→ ASSIGNMENT: Please work out how many lines in the records below include the word "Sale", and reply with that number only.

→ RECORDED INFORMATION:

***

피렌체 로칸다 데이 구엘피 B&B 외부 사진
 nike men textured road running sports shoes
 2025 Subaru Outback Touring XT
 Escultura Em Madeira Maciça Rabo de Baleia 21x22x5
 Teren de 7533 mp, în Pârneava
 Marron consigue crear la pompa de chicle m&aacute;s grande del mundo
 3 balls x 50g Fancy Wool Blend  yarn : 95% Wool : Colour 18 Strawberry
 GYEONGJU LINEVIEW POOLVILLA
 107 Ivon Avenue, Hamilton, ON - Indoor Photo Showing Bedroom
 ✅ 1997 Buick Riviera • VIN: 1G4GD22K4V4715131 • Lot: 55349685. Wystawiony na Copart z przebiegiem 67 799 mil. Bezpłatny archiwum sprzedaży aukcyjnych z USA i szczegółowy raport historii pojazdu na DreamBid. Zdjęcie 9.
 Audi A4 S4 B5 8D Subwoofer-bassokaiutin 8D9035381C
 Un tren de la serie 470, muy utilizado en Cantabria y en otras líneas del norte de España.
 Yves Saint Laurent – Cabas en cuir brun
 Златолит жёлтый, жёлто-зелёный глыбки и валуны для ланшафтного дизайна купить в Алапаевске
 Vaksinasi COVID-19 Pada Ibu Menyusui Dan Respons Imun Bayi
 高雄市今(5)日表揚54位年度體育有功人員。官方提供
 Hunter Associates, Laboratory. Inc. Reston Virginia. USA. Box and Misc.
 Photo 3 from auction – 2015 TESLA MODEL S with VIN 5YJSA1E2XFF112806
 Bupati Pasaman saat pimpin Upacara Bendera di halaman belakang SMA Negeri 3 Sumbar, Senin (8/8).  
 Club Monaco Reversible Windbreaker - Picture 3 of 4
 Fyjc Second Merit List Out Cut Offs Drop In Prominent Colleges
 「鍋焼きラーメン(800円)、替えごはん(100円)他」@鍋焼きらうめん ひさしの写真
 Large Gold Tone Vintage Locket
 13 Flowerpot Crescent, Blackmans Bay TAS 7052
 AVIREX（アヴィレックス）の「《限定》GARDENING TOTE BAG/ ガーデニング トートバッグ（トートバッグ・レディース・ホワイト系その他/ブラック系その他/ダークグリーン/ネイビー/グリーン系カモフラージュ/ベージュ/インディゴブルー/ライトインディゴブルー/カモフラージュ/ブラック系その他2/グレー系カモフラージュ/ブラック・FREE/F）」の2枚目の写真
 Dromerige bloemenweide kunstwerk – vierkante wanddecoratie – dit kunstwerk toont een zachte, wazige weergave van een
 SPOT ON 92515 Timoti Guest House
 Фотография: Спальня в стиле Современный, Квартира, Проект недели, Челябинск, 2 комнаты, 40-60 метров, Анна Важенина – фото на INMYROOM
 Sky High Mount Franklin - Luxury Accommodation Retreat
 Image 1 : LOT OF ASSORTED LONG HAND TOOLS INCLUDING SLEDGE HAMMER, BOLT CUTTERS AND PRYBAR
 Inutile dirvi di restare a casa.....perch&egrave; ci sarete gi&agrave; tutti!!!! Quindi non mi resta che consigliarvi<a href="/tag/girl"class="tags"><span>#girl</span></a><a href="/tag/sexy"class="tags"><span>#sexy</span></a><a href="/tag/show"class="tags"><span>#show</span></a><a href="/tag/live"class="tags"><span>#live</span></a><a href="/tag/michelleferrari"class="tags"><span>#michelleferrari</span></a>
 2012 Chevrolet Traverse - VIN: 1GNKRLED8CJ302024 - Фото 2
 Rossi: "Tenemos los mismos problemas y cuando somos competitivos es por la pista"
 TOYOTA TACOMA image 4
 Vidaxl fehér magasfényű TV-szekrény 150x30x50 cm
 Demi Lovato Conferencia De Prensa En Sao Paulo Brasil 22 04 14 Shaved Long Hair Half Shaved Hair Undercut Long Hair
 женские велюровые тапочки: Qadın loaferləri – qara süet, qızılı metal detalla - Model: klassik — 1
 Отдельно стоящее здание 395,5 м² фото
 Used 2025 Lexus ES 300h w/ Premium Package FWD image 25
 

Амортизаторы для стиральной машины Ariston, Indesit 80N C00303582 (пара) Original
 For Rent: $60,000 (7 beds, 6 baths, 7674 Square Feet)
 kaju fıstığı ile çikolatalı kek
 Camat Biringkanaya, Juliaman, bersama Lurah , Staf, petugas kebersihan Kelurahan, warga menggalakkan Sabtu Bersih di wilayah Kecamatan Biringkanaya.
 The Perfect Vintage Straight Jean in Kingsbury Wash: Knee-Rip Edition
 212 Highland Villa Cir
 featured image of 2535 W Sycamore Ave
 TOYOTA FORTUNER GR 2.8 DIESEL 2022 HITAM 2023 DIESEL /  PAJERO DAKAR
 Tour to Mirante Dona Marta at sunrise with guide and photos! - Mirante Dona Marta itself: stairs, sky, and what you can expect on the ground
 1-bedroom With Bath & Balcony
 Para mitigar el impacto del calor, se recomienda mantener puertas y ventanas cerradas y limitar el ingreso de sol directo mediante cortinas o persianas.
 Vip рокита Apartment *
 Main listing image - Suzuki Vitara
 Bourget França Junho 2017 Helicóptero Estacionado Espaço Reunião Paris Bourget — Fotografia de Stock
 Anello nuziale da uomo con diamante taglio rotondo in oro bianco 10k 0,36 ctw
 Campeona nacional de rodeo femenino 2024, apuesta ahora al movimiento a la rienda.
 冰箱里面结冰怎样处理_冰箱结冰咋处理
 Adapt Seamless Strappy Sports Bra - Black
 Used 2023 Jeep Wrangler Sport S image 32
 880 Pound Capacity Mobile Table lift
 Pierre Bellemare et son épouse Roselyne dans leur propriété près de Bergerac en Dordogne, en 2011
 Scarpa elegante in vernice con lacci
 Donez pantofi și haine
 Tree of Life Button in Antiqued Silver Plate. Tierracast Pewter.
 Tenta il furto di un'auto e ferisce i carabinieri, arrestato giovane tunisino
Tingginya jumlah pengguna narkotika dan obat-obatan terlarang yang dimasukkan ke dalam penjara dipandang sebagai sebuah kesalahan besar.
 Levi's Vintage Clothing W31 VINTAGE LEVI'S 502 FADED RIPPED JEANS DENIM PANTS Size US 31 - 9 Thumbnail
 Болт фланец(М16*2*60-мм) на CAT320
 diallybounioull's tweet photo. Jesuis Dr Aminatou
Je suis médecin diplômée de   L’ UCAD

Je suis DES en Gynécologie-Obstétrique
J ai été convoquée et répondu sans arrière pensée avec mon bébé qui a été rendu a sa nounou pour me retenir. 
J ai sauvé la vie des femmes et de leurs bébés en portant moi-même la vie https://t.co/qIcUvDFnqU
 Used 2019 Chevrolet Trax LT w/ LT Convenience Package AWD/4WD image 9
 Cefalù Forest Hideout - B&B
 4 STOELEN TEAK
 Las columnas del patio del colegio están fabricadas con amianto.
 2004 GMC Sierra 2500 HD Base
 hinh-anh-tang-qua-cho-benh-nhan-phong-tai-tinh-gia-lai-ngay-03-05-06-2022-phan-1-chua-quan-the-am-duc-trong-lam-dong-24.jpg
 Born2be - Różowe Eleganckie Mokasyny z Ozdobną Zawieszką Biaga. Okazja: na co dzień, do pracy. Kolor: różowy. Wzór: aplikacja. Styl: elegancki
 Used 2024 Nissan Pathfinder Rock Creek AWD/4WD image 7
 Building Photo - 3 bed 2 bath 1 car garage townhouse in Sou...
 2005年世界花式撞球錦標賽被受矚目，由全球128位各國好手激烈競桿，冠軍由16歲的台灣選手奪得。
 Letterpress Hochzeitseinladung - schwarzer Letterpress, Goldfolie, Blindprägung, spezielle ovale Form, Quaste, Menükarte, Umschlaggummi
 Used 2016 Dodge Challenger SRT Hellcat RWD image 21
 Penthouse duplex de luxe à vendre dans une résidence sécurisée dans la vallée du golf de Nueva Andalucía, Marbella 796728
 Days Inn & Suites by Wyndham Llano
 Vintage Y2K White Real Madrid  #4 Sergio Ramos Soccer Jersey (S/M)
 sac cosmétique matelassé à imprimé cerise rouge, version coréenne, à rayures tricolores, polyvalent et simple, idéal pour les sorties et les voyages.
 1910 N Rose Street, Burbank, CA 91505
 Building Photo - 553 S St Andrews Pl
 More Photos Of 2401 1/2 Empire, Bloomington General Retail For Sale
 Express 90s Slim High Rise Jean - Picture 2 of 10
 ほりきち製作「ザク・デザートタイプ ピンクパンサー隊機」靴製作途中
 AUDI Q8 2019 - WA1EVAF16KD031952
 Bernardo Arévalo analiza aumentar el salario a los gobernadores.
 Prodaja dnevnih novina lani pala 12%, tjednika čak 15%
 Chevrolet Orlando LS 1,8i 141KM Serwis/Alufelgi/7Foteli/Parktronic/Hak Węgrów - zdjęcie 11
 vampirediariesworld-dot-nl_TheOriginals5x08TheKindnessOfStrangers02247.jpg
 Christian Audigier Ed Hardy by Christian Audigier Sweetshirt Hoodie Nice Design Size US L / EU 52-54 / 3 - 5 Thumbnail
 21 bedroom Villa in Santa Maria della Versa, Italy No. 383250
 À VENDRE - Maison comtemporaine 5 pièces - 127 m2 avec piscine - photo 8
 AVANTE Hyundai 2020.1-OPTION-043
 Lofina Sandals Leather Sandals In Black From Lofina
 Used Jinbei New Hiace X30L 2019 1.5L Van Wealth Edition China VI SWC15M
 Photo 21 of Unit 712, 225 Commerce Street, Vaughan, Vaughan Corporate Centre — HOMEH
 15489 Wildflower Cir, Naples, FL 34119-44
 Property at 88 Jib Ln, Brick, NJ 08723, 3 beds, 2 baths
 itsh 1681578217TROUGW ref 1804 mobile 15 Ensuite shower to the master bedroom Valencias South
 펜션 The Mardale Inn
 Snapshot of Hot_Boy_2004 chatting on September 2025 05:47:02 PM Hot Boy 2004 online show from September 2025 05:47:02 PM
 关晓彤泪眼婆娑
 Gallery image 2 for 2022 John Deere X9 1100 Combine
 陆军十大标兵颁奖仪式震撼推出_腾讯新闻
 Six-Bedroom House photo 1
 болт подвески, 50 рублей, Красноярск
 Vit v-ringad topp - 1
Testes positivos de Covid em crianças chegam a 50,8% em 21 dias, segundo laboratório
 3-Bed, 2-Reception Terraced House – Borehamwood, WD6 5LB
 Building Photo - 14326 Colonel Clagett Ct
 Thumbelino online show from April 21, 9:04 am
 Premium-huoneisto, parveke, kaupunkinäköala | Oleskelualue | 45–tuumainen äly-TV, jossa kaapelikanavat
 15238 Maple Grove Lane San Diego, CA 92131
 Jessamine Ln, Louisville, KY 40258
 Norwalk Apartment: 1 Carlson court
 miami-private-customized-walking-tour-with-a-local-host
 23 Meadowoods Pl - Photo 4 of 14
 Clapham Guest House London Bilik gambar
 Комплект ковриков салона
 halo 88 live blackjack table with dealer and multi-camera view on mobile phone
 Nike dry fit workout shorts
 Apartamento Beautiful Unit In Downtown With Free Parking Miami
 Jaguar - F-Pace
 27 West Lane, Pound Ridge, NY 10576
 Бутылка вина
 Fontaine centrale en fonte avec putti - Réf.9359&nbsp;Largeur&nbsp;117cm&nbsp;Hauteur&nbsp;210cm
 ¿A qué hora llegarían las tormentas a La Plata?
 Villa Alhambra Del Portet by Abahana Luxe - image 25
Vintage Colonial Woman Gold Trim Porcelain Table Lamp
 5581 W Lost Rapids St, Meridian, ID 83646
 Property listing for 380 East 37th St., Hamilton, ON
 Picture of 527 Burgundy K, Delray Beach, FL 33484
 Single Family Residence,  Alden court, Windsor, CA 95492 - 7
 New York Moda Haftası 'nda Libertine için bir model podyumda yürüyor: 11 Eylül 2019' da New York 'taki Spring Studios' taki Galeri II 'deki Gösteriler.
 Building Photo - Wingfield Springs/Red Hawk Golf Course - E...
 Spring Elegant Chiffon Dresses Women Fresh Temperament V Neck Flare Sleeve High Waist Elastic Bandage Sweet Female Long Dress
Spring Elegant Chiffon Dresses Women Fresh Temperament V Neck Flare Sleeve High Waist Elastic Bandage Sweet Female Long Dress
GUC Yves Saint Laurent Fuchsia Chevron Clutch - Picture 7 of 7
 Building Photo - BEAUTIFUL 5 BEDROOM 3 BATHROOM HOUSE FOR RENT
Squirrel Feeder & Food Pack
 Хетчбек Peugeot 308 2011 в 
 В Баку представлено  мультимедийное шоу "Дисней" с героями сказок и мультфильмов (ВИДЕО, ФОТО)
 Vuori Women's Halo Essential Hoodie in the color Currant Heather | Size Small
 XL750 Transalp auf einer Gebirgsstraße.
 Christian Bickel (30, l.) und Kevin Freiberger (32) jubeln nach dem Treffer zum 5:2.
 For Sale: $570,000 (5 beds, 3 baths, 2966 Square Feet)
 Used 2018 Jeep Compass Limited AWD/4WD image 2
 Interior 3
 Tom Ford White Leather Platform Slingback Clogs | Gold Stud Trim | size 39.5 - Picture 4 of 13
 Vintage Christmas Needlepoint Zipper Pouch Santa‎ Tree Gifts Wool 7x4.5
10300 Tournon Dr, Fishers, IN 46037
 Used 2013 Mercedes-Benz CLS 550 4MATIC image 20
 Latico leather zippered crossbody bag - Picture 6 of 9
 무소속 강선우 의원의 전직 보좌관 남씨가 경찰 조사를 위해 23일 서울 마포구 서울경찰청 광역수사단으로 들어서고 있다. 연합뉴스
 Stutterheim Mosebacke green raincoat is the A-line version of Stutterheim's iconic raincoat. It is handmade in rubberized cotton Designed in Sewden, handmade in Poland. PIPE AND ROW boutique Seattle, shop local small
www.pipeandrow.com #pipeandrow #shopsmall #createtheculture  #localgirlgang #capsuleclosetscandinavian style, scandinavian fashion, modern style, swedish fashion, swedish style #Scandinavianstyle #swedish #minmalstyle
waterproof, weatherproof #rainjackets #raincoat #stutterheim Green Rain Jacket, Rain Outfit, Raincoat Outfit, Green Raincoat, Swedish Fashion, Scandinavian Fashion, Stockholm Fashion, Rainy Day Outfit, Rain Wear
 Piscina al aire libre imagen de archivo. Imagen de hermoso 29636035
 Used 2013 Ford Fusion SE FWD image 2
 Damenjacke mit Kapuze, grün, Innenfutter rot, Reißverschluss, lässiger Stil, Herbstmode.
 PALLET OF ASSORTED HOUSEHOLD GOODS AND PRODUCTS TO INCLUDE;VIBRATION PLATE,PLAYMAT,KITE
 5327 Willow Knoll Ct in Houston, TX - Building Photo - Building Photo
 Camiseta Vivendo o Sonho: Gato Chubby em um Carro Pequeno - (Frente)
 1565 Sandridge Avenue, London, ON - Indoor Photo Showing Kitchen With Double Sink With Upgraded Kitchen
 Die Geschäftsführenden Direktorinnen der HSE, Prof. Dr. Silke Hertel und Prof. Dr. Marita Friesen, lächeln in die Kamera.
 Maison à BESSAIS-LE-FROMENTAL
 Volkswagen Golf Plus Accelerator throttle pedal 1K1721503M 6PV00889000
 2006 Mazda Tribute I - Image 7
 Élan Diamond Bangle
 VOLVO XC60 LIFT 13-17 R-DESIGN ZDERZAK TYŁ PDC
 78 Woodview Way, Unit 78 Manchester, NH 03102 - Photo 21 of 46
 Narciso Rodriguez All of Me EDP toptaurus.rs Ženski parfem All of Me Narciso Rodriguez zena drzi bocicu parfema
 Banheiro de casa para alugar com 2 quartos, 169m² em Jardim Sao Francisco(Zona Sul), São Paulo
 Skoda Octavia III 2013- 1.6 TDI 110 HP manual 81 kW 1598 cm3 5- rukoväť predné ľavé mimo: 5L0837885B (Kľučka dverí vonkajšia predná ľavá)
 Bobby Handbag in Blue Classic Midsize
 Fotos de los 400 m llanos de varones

***

→ WRITTEN ANSWER: 2